I feel like none of that prepared me for this book because, before this, I barely scratched the surface.  The truth of the matter is that I probably couldn’t have wrapped my head around this book if not for all that back there, but I was still overwhelmed.  And gratefully so.  When it comes down to it, I’m pretty good about parroting back things I learn, but I’m not nearly as smart as most people seem to think.  Enthusiasm makes up for a lack of academic ability, and the rest comes in flashes of insight.  I learn what I’m interested in, pure and simple.  When it comes to the Middle Ages, this war is a mighty cross-section of what it means to live and die in that time period.  Usually my approach to something like this would be to dive in obsessively and continue on until I either exhaust the material or burn out, whichever comes first.  That’s just not possible here.  I whittled away at this a few pages at a time, a couple of nights a week, over the course of months, allowing myself to digest it slowly.  I had to.  Any other way would have been self-defeating.

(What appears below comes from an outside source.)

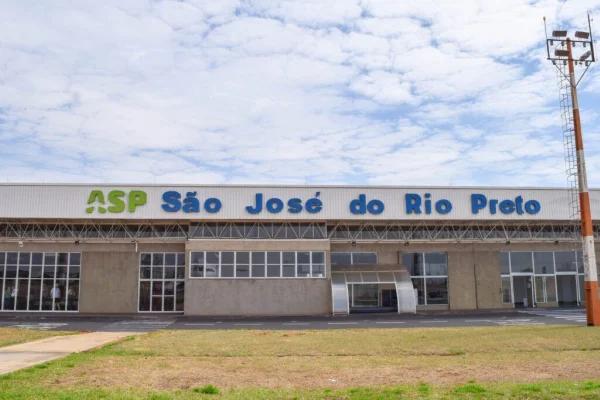 Imagem colorida de aeroporto. Metrópoles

What the author has done here is to create one of the most detailed and complete accounts of The Hundred Years War I’ve ever encountered, and this is only the first of a now-confirmed five-part series (the fifth and final part still being written).  This is a book written by an historian for other historians or for those who think they want to be.  Everything you could possibly want to know is here, with perhaps one small exception.  The author assumes you either know or will look up the personalities involved if you’re unfamiliar with them.  Names are dropped, motivations are offered, but by and large the focus is on recorded words and deeds, not so much on psychology or full biography.  Political motivation and degeneration, on the other hand, plays a heavy part, as does money, supply, troop movement, tactical explanation… the list just goes on and on.  An average 30 page chapter will feel like it’s own book, and every single sentence is an information bomb that informs the next one in line.  There’s no fluff here at all.  None.  By the time you’re done with it, you feel like you’ve fought the war in real time.

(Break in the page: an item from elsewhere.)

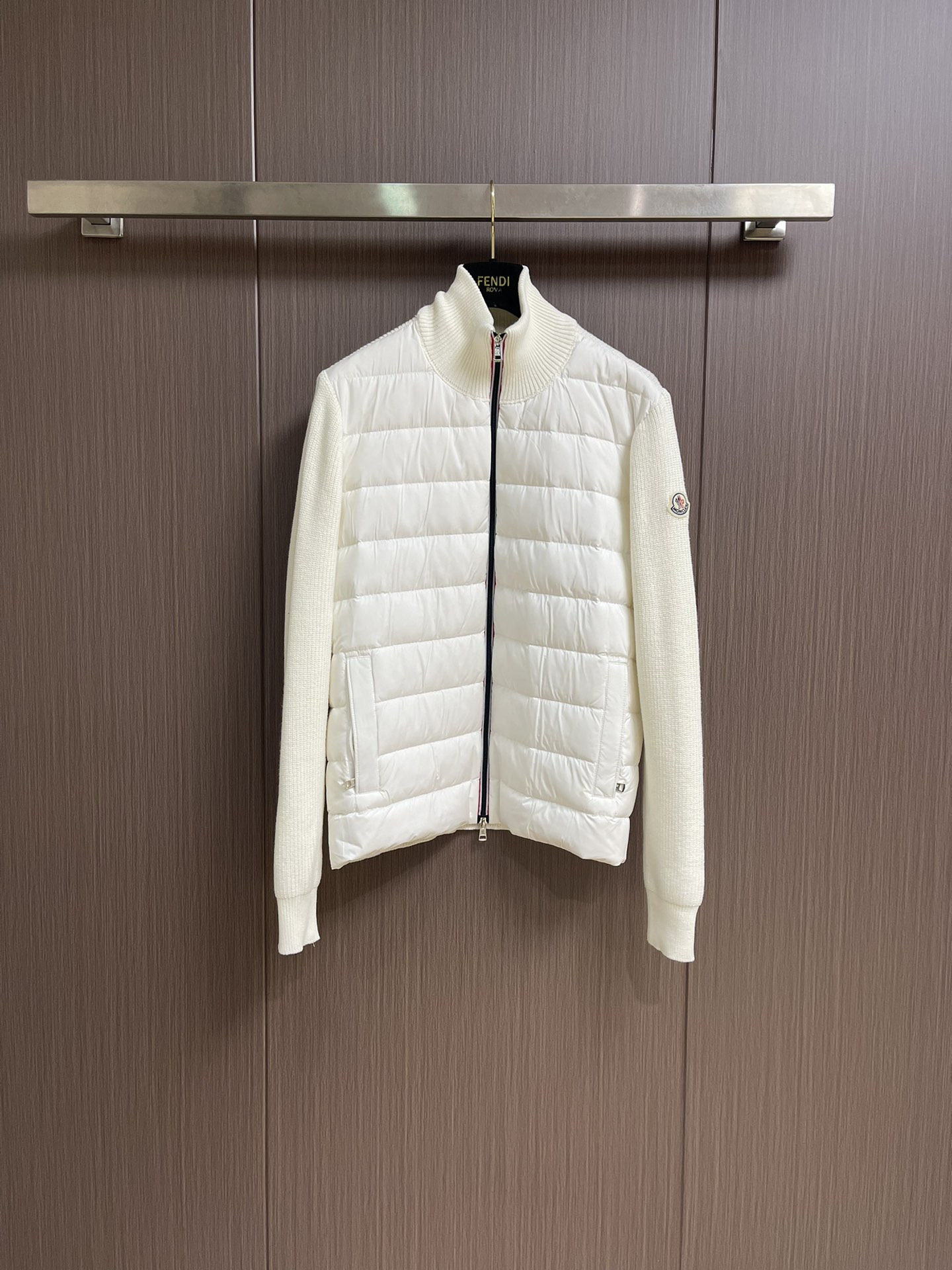 NO:520312,Moncler's new Cardigan stand-alone collar spliced ​​down jacket knitted jacket, using high-quality cotton materials and high-quality white duck down fillings, providing warm protection in early autumn and spring. At the same time, its light and light design also makes this down jacket more suitable for daily wear. The new knitted stand-alone collar design is simple but not without fashion, and it shows a unique fashion aesthetic and personality. Size 1-2-3-4-5,, jackets & coats, down jacket, alexander wang19860909Moncler 新款Cardigan立领拼接羽绒服针织外套,使用高品质的棉质材料和优质的白鸭绒填充物,早秋春轻薄提供了温暖的保护 同时,其轻薄的设计也让这款羽绒服更加适合日常穿着 全新的针织立领设计,简约而不失时尚感 更具展现出独特的时尚美感和个性.尺码1-2-3-4-5,,jackets & coats,down jacket,alexander wang,Men's clothing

For me, that’s a big selling point.  In the experience of just this first book, I’ve gained so much insight that I’m now able to apply that to other wars through history.  Everything from Caesar’s campaigns in Gaul, to the Crusades, to the American Revolution, to World War II and beyond… it all now makes sense on an entirely new level for me.  I can better appreciate the top-down perspective of seeing the tactics on a map.  I can better appreciate the diplomacy or failure of it that informs mindsets and dictates why things happen as they do.  I can better understand the single soldier in the field in various positions and specialties.

I feel like this book pushed me to grow as a scholar, as an enthusiast of the era, and even as a swordfighter.  I am humbled at how much I learned, how much I only thought I knew, and how much I can’t possibly explain back because it’s too complex.  I have to keep reminding myself this is only the first book.  There are four more!  I will most definitely continue with this series to the end.